17 ottobre 2018
Aggiornato 09:30

Cormons-Redipuglia: 'ferrovia incompiuta' diverrà ciclovia

La Giunta regionale ha autorizzato l'acquisizione del tracciato ferroviario di circa 10 chilometri da Rete ferroviaria italiana
Cormons-Redipuglia: 'ferrovia incompiuta' diverrà ciclovia
Cormons-Redipuglia: 'ferrovia incompiuta' diverrà ciclovia (Regione Friuli Venezia Giulia)

CORMONS-REDIPUGLIA - Ulteriore passo avanti verso il recupero e la trasformazione della cosiddetta 'ferrovia incompiuta' Cormons-Redipuglia in percorso ciclopedonale. La Giunta regionale, su proposta dell'assessore alle Finanze, Francesco Peroni, in accordo con la collega alle Infrastrutture, Mariagrazia Santoro, ha autorizzato l'acquisizione del tracciato ferroviario di circa 10 chilometri, che avrebbe dovuto collegare le due località, da Rete ferroviaria italiana (Rfi) al prezzo simbolico di un euro.
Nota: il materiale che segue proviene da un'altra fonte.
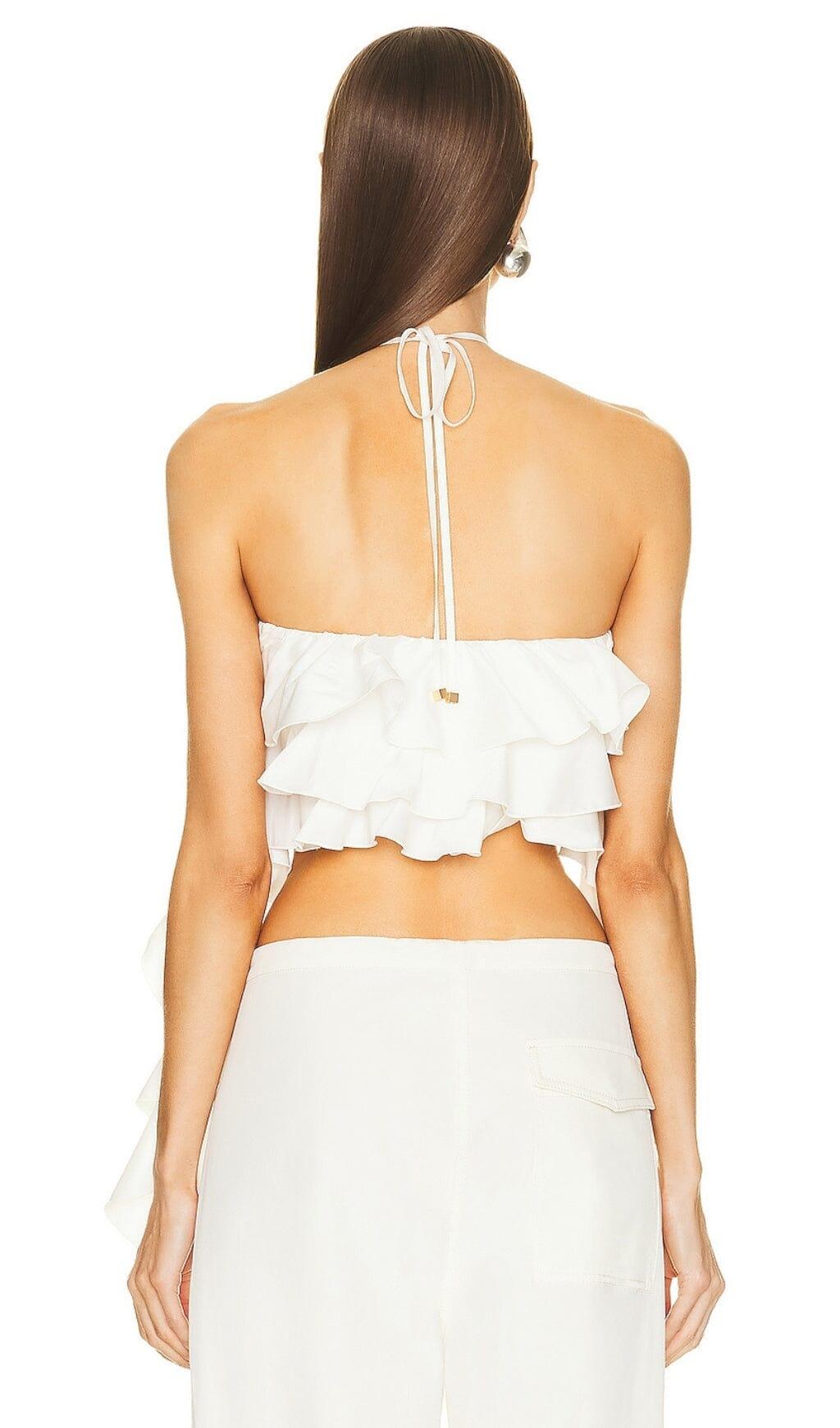 RUFFLE-DETAIL HALTER CROP TOP IN WHITE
Intervenendo sul tema l'assessore all'Ambiente, Sara Vito, ha spiegato che «l'opera, costituita dalla massicciata e da alcuni manufatti, oltre ad essere completamente inutile, dato che non è mai stata completata, è anche impattante dal punto di vista paesaggistico ed ecologico. Siamo molto soddisfatti di aver proseguito l'iter avviato dalla Provincia di Gorizia, alla quale la Regione è subentrata come competenza in materia, per consentire la trasformazione della ferrovia in qualcosa di cui i cittadini del Friuli Venezia Giulia possano veramente fruire». L'assessore ha quindi ribadito che «la ferrovia, la quale è stata assegnata a Fvg Strade, ora può essere riconvertita in un percorso ciclabile, dotato di aree attrezzate, che permetta il collegamento con la rete delle ciclovie esistenti in Friuli Venezia Giulia e favorisca così un tipo di turismo ecosostenibile che nell'ultimo periodo ha dimostrato ampi margini di crescita».
Vito ha quindi sottolineato che «in questo modo si avvia a definitiva conclusione l'iter avviato con l'abbattimento delle strutture inutili e impattanti che sorgevano lungo il tracciato e finalmente concludiamo l'iter di una vicenda protrattasi inutilmente per decenni».